Entre golpes, cortadas y varillazos llegaron los carabineros. Un policía trató de calmar a Julio, pero este lo bajó del caballo y lo golpeó. Los otros carabineros lo cogieron a patadas hasta controlarlo. Lo esposaron y lo subieron al caballo mirando hacia la cola y se lo llevaron. A los dos días regresó al barrio presumiendo de su aventura.

Julio seguía infundiendo terror. Si había una rumba y él quería entrar, no había forma de decir que no. Si quería una botella de trago sin pagarla, tocaba dársela. Atracaba las ollas y se llevaba la mercancía desafiando a jíbaros y delincuentes. En conciertos y bares armaba peleas y demostraba su poderío. Su fama trascendía las fronteras del barrio. Decía “Yo no soy un malo de barrio. Yo soy un malo de ciudad”.

A comienzos de los 80’s Julio era una pesadilla para el barrio, incluso para los que se juntaban con él. Los más jóvenes crecían y se le rebelaban. El administrador de esa época, un militar retirado, le mató su perra, le cazó pelea y lo denunció a la policía. Todo lo malo que sucedía en el barrio era culpa de él. La gente quería verlo derrotado. Las redadas se hicieron frecuentes y su margen de acción fue disminuyendo. La Policía lo tenía entre ojos y venían a buscarlo, a requisarlo, a llevárselo así no estuviera haciendo nada. Entonces de un día para otro, Julio se fue sin dejar rastro.

Durante muchos años, la gente dijo que la policía le había tendido una cacería tan fuerte que saltó desde el cuarto piso de su casa y se voló. Eso es parte del mito, así como tantas cosas exageradas que se hablaron de él. Decían que había sido asesino, violador, un ser demoníaco que vestía de negro… Julio fue malo, pero nunca como el mito que se construyó en torno a él. Cuando se fue, la fama del barrio se disparó. A pesar de que algunos jóvenes entraron en razón y se ajuiciaron, otros siguieron vagando y drogándose.

Hablar de este personaje no es fácil. Hoy, casi 30 años después, escarbar en los recuerdos de los que compartieron con él, es estremecedor y conmovedor a la vez. Hombres de 50 años culpan a Julio de sus vidas malogradas. Se cogen la cabeza y exclaman: “Esa época fue tenaz, muy pesada”. Llevan clavadas las secuelas, como una sarta de puñaladas, que Julio dejó en sus almas.

Muchos de los que compartieron su vida ya no están en este mundo.

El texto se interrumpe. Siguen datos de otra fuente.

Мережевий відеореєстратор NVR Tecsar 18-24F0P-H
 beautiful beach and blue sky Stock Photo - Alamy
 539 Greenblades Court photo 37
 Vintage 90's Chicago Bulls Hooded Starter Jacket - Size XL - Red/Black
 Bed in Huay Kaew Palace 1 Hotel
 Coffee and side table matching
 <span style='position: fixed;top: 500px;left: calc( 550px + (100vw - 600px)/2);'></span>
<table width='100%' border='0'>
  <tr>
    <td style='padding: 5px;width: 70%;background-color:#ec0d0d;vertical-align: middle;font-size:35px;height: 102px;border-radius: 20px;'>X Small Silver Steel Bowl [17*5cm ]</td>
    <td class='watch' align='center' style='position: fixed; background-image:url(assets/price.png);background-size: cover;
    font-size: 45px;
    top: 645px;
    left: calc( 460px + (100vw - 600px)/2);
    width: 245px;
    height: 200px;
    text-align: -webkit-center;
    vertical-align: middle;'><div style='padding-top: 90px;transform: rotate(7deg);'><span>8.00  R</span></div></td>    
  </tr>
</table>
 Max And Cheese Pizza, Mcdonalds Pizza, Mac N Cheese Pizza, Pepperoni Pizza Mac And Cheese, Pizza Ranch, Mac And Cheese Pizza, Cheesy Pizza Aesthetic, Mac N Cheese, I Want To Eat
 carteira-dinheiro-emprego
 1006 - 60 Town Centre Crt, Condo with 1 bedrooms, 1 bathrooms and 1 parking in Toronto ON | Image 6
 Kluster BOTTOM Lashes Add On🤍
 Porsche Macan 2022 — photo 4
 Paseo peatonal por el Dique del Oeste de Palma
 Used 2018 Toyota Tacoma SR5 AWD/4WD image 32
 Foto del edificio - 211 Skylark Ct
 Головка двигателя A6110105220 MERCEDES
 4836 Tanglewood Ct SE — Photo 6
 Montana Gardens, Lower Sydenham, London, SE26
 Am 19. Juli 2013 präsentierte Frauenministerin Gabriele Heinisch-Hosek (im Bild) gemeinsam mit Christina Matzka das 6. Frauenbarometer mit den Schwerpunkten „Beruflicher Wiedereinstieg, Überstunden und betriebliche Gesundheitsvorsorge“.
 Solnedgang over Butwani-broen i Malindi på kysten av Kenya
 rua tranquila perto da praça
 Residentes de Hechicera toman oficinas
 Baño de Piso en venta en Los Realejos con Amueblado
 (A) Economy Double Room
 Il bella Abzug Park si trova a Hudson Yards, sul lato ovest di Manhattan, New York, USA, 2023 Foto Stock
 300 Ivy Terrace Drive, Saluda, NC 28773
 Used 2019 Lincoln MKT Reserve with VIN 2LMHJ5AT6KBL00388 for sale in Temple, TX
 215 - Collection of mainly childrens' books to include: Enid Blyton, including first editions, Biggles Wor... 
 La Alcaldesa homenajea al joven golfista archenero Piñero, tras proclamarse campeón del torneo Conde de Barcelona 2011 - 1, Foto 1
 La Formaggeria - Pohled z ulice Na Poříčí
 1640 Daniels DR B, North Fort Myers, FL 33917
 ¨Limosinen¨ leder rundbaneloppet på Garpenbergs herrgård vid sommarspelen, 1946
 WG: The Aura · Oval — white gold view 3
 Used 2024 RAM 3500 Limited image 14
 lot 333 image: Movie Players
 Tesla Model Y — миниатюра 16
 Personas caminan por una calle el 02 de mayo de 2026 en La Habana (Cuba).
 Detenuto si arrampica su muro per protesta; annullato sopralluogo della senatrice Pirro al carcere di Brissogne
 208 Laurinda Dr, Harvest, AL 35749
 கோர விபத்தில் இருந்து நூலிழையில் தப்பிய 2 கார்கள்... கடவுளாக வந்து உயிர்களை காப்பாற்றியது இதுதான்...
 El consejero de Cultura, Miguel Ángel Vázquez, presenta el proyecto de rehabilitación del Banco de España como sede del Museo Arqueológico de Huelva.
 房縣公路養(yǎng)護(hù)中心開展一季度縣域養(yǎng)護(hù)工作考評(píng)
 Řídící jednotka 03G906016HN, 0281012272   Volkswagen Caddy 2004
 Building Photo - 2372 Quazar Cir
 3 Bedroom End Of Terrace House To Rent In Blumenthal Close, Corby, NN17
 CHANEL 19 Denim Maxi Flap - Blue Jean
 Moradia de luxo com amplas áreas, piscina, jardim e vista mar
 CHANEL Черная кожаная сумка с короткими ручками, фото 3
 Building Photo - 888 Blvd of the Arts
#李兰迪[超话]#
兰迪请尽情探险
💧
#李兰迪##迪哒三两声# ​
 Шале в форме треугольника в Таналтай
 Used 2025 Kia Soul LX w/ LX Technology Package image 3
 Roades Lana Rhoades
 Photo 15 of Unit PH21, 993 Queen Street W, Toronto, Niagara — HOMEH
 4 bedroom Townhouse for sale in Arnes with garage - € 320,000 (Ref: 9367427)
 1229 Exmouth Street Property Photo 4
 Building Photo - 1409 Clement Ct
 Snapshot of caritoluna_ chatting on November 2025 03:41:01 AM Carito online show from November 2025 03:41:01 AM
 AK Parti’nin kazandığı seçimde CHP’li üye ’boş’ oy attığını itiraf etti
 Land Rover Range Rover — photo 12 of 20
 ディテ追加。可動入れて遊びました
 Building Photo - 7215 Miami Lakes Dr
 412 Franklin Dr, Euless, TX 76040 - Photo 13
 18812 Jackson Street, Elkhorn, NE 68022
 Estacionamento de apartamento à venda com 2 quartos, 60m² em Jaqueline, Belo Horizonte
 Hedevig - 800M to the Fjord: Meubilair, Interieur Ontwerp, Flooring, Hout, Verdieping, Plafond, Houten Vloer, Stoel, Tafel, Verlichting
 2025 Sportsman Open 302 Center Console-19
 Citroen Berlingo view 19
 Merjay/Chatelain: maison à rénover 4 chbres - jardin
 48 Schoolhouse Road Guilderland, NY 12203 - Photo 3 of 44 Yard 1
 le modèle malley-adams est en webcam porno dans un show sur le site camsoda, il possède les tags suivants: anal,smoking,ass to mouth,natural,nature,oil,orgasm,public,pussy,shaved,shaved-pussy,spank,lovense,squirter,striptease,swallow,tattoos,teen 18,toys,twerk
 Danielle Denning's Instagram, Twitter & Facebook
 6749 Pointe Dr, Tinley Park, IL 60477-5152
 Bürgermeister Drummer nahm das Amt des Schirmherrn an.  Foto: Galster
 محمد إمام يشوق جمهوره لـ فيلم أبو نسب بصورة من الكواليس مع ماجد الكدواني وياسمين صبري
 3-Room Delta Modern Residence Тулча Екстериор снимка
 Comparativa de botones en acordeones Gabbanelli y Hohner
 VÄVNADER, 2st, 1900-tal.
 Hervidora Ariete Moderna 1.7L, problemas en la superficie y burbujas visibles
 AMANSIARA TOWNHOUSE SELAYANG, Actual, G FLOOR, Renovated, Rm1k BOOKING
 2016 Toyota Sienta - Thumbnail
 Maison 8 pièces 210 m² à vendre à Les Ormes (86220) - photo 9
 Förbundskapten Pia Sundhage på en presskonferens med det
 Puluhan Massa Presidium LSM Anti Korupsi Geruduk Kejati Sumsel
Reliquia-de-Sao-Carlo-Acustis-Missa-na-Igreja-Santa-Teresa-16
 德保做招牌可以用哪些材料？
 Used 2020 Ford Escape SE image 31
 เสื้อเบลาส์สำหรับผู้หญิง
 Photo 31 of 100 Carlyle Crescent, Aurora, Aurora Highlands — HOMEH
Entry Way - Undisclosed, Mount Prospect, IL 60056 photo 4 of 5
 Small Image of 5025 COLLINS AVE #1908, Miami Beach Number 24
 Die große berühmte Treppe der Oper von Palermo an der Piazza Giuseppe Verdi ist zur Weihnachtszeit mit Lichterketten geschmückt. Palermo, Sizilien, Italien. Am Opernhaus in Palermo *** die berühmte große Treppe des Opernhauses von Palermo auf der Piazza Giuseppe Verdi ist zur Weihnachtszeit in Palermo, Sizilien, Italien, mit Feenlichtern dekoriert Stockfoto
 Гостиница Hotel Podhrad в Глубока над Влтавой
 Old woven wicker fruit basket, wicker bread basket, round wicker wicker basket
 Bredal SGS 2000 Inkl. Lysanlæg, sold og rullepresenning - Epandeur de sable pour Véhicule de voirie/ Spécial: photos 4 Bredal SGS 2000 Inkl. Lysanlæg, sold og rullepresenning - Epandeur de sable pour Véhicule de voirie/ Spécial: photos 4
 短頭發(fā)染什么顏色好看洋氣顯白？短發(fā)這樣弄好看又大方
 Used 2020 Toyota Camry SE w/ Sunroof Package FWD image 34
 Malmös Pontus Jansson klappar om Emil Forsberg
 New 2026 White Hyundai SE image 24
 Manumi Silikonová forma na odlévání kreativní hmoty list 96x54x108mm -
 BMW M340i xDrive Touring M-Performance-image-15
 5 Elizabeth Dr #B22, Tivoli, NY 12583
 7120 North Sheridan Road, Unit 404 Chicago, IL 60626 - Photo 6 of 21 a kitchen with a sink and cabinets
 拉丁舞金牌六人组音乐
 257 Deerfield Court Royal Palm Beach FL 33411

Al Negro Rafa lo mataron, a Zéppelín lo atropelló un bus, de Pecho de Lata no hay rastro… Otros siguen por la vida con mayor o menor fortuna: El Bumangués tiene su propia empresa. Beto trabaja como optómetra y Saúl aún frecuenta el barrio gestionando apoyo para una fundación.

A mediados de los 80’s Julio se fue cultivar coca en el Llano, pero el negocio no funcionó. En noviembre de 1988 volvió al barrio, venía de paso, estaba muy llevado por el vicio y cargaba a cuestas el peso de una vida dura. La única vez que lo vi de cerca fue por esos días. Subí a los billares y allí estaba, casi indigente, con el rostro desencajado y los dientes en mal estado, sentado detrás del mostrador tomando guaro con Don Lucho y tallando una bola de billar con una chavetica pequeña. Estábamos asustados. A pesar de que estaba muy disminuido, su mirada infundía temor, así que me fui. Esa fue la última vez que lo vi.

Días después don Lucho me contó que tenía una herida en el pecho, que le había dado algo de dinero y que se había marchado. Nadie sabe con qué suerte corrió… Algunos aseguran que lo mataron en Villavicencio, otros que murió indigente. ¿Quién sabe? Todos en el barrio han escuchado hablar de él. En alguna fogata, en algún parque, en la misma plazoleta, alguien a lo largo de los años ha contado alguna de sus faenas. Como en la época de los juglares, su leyenda ha pasado de generación en generación, muchas veces tergiversada, dejando un legado y una fama que, así como nos ha abierto muchas puertas, también nos ha cerrado otras. Porque desafortunadamente y sin ánimo de generalizar, para los que no crecieron en Paulo VI, todos los que nos criamos ahí, llevamos algo de Julio Puñales por dentro.